What you will do> Quote the data exactly, first line to the line containing "Immagine 13 di", with no pictures.

Source data
****

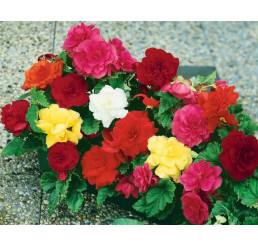 Begonia double ´Pink´ / Begónia veľkokvetá ružová, bal. 3 ks, 5/+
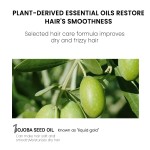 Hair Essential Oil Factory - MULAN Organic Perfumed Jojoba Sunflower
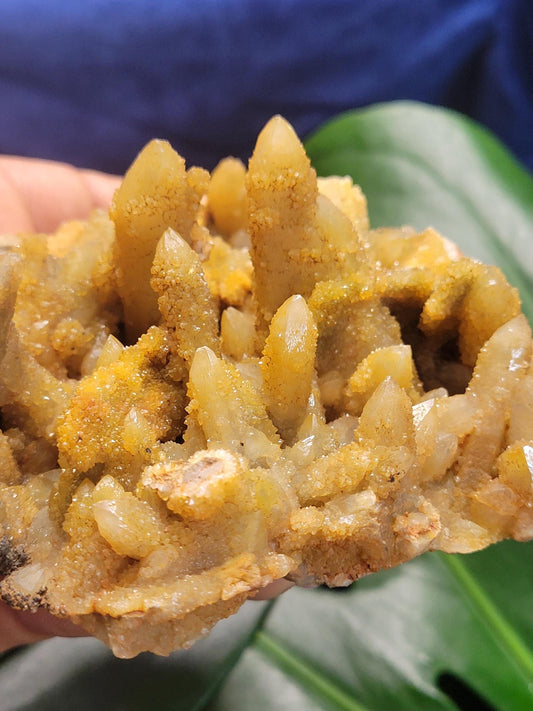 Limonite Golden Quartz Cluster from South Africa | Stunning, Rare and Uncommon | Spirit Fairy Quartz | Meditation | Gift Ideas | Gold | 350g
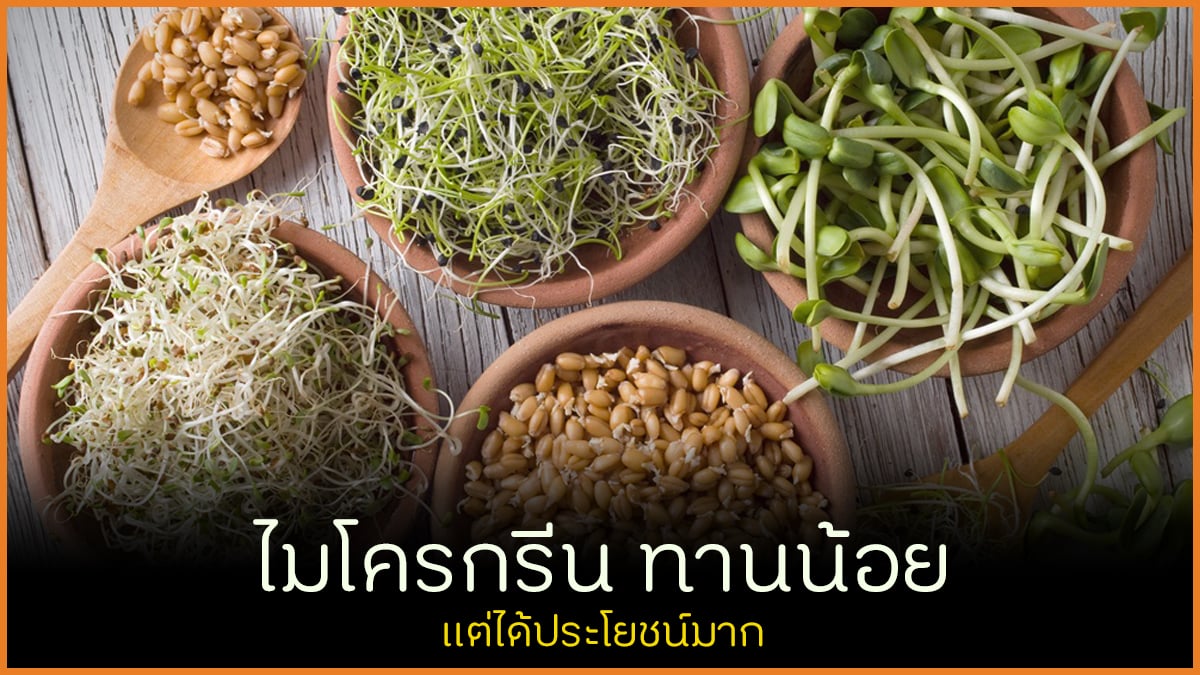 ไมโครกรีน ทานน้อยแต่ได้ประโยชน์มาก thaihealth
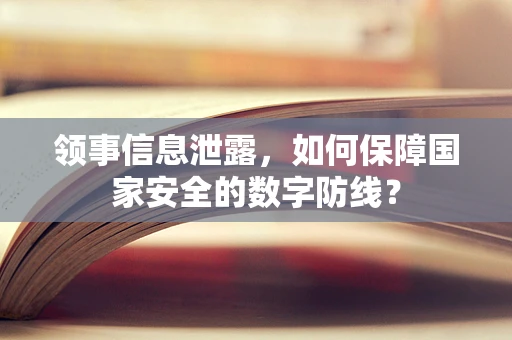领事信息泄露，如何保障国家安全的数字防线？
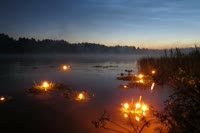 venok.webm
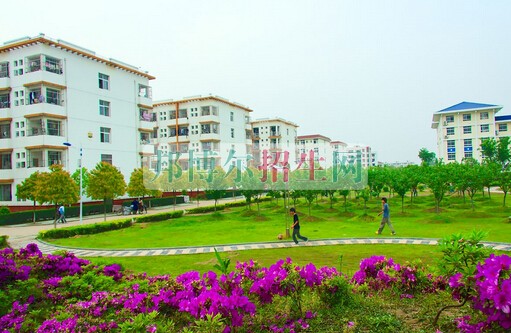 黃岡職業(yè)技術(shù)學院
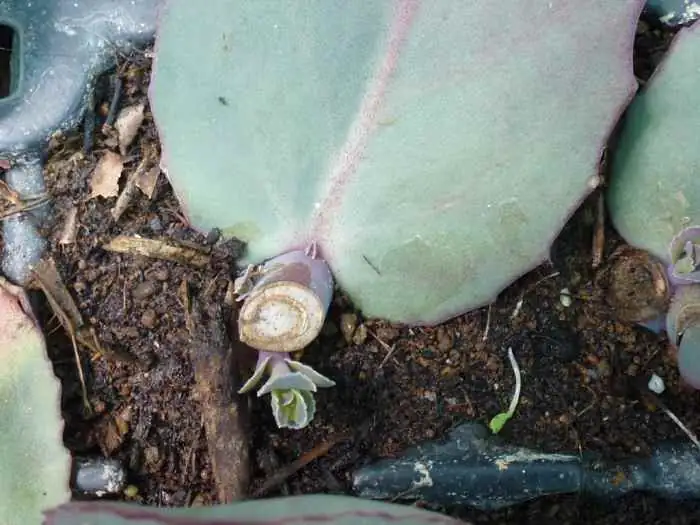 sedum propagation methods
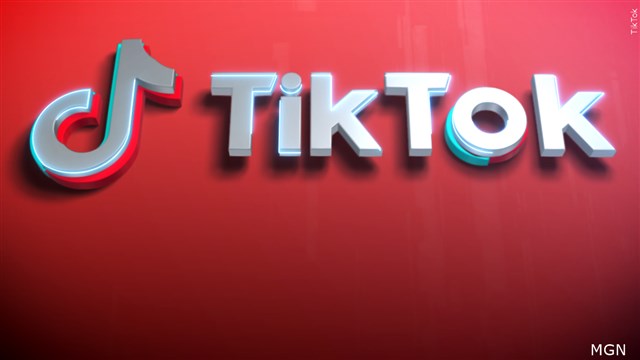 TikTok CEO To Tell Congress App Is Safe, Urge Against Ban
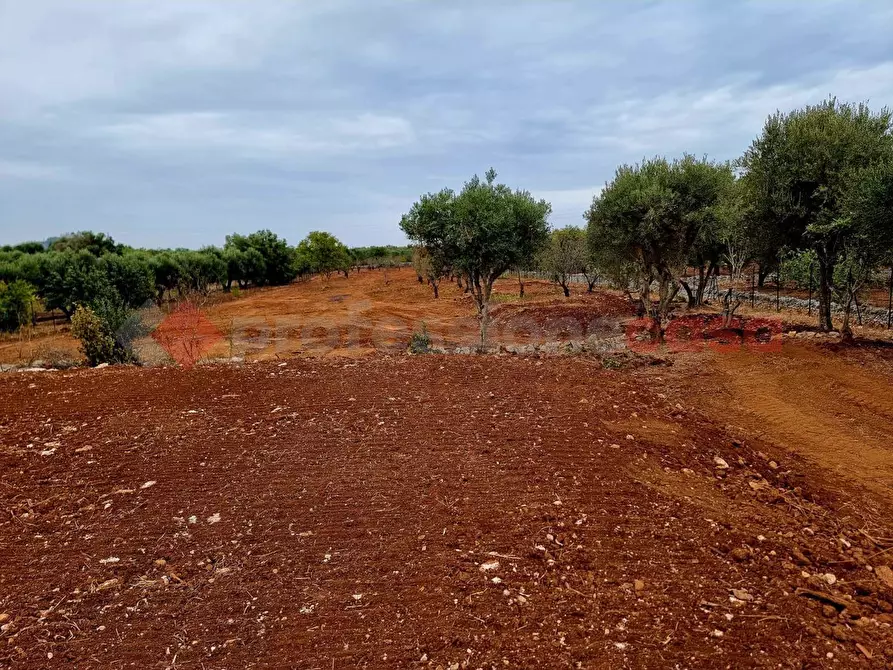 Immagine 13 di Baita in vendita  in Contrada Santo Scalone, snc a Ostuni
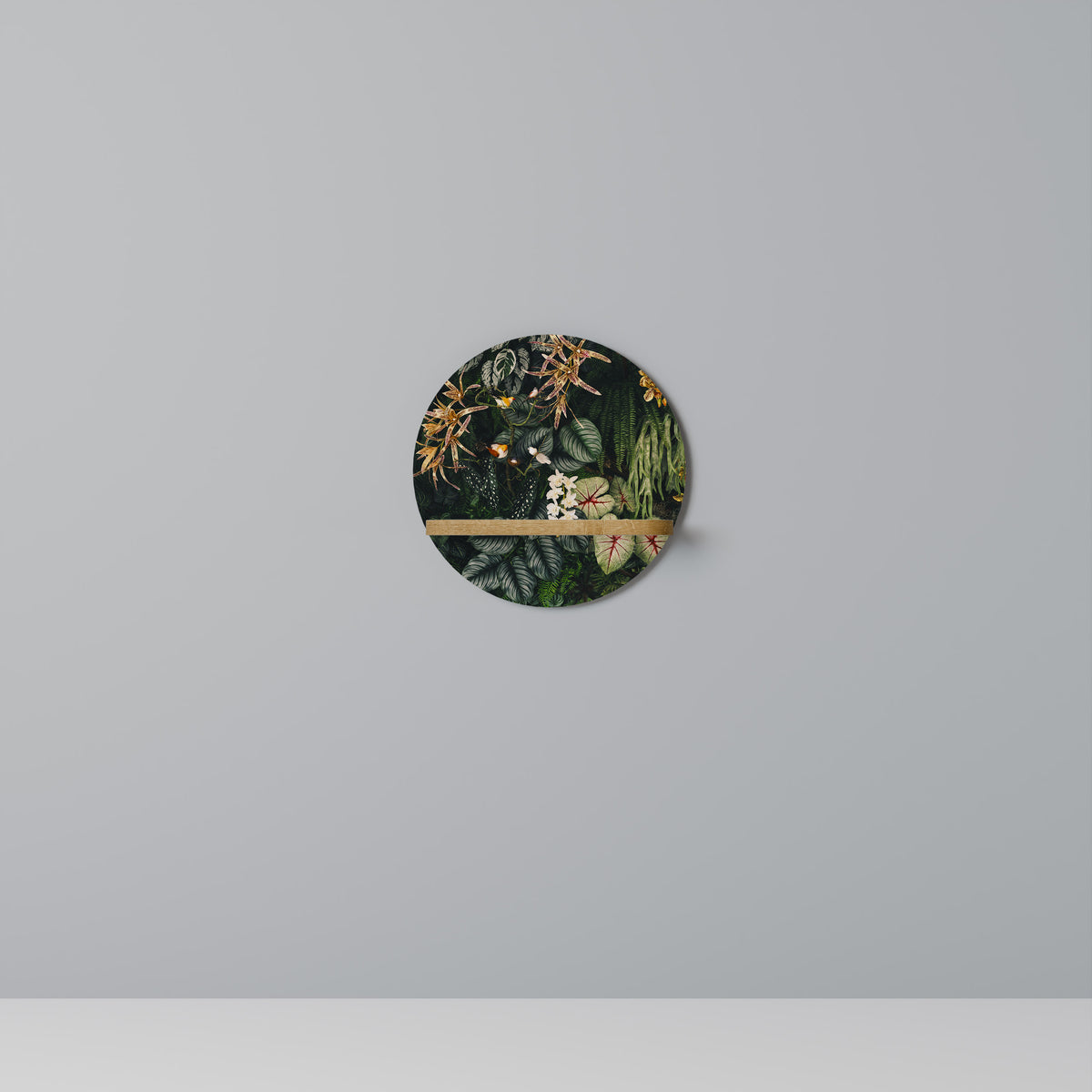 SILENT WILDERNESS Art Shelf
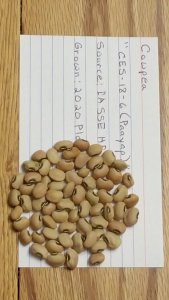 20201206_141945.jpg 20201206_141945.jpg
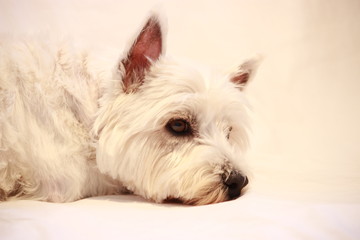 westie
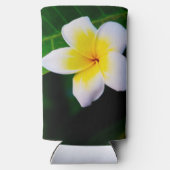 Plumeria Selters Dosenkühler (Rückseite)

****

Exercise solution>
 Begonia double ´Pink´ / Begónia veľkokvetá ružová, bal. 3 ks, 5/+
 Hair Essential Oil Factory - MULAN Organic Perfumed Jojoba Sunflower
 Limonite Golden Quartz Cluster from South Africa | Stunning, Rare and Uncommon | Spirit Fairy Quartz | Meditation | Gift Ideas | Gold | 350g
 ไมโครกรีน ทานน้อยแต่ได้ประโยชน์มาก thaihealth
领事信息泄露，如何保障国家安全的数字防线？
 venok.webm
 黃岡職業(yè)技術(shù)學院
 sedum propagation methods
 TikTok CEO To Tell Congress App Is Safe, Urge Against Ban
 Immagine 13 di Baita in vendita  in Contrada Santo Scalone, snc a Ostuni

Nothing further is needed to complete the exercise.